2章 2.私はクラス内で、雄叫びを上げる。

「うおおお!!」


 やばい、思わず素の声が……!!


 朝のホームルーム中、スマホをカバンから落としてしまった私は、拾ったスマホの通知画面に気が付いた時、目を疑った。それはあの『クリンク』からの通知。


 なんと『添付ファイルが届いています』と表示されているではないか……!


 だが、クラスメイト達が私の絶叫具合を聞いてざわつき始めている。


「……おぉぉ~、せんせ~い、わたしぃ~気分が悪いので~、保健室に行ってきてもいいですか~?」

「あ、ああ……、行ってきなさい」


 おっしゃ! セーフ!! 若干引き気味の担任にも、さりげなく可愛く繋げてやったぜ!


 私はスマホを素早くポケットに入れ、机から立ち上がった。

 教室を出ていく時、私のこの素性を唯一知るクラスメイト、立石の横を通った。相変わらずこの世の終わりみたいな顔をしていたので、ご機嫌な私は、誰にも分からないようにニヤリとこの笑みをくれてやったら奴は椅子からハデに転げ落ちた。


 ……アイツ、ほんとに大丈夫か?

 

 そんな珍妙な空気の教室から保健室へ向かう振りをしつつ、トイレへ駆け込み、スマホの画面をまた開く。


「どういうことだ!?」


 やばい、また声が出てしまった。誰もいなくてよかった。今朝も私は寝坊し、スマホをいつものようにカバンに放り投げそのまま猛烈ダッシュで登校した。もちろん学校近くではおしとやかに歩いたけどな。まさかこんな通知が届いているとは……! それもまた前回のあの『腐女子のJK』からじゃないか……!


「なんじゃこりゃ~~!!」

 

 そのファイルは『絵』だった。

 

「み、水戸みと……がいる……」


 なんだ、この絵は……! 『銀氏物語』のモデル、2次元の水戸、美しき黒き髪を目の側まで下ろした水戸だ……!! 水戸が着物を着て、キラキラと美しく、平安京を背景に幻想的に舞っている……!! まるで水戸を見たことがあるかのような表現力だ……。おいお前プロか? プロなのか!? ほんとに私と同じ女子高生なのか!? はあ、神だ、神。なんだよ、一体どこの何者なんだよ……!! 


 添付ファイルにはコメントが添えられていた。


『あなたのファンより』


 ふぁ、ふぁ、ファン……!?


「つ、ついに……、神が降臨された……」


 感極まり過ぎて、視界が曇りはじめたじゃないか……!

 ああ、やはり神だ、ぜったい神だ。ついにこんな日が訪れるとは……! 今までの苦労がこの一言により全て報われる……!!

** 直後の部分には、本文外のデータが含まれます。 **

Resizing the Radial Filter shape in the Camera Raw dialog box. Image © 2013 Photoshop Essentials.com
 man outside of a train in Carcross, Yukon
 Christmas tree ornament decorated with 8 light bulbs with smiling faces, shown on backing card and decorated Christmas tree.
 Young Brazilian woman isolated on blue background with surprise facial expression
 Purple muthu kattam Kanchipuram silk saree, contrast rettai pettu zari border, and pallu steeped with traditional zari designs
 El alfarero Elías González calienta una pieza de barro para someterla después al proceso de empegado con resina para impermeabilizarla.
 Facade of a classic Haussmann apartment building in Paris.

 興奮して我を忘れていることに気が付き、大きく深呼吸をした。トイレで。臭い。

 もうすぐホームルームも終わるころだろう。とりあえず落ち着くためにも保健室に行って熱でも測って教室に戻る事にした。どうせ異常はないだろうしな。


――


「あれ、誰もいない……」

 

 スーパーご機嫌で保険室へ行ってみると、誰一人いない。窓から明るい朝の日差しが差し込み、鳥のさえずりが聞こえているだけで、その部屋は静まりかえっていた。


「トイレでも行ってんのかな」


 まーどうせ異常はないだろうし、教室に戻るとするか。そう思いながら引き戸に手を掛けた瞬間、なぜかその戸がゆっくりと勝手に動いた。


「ひっ……!」


 私の目の前には奇妙な声を出しながら相変わらずこの世が終わったような青い顔をした立石が立っていた。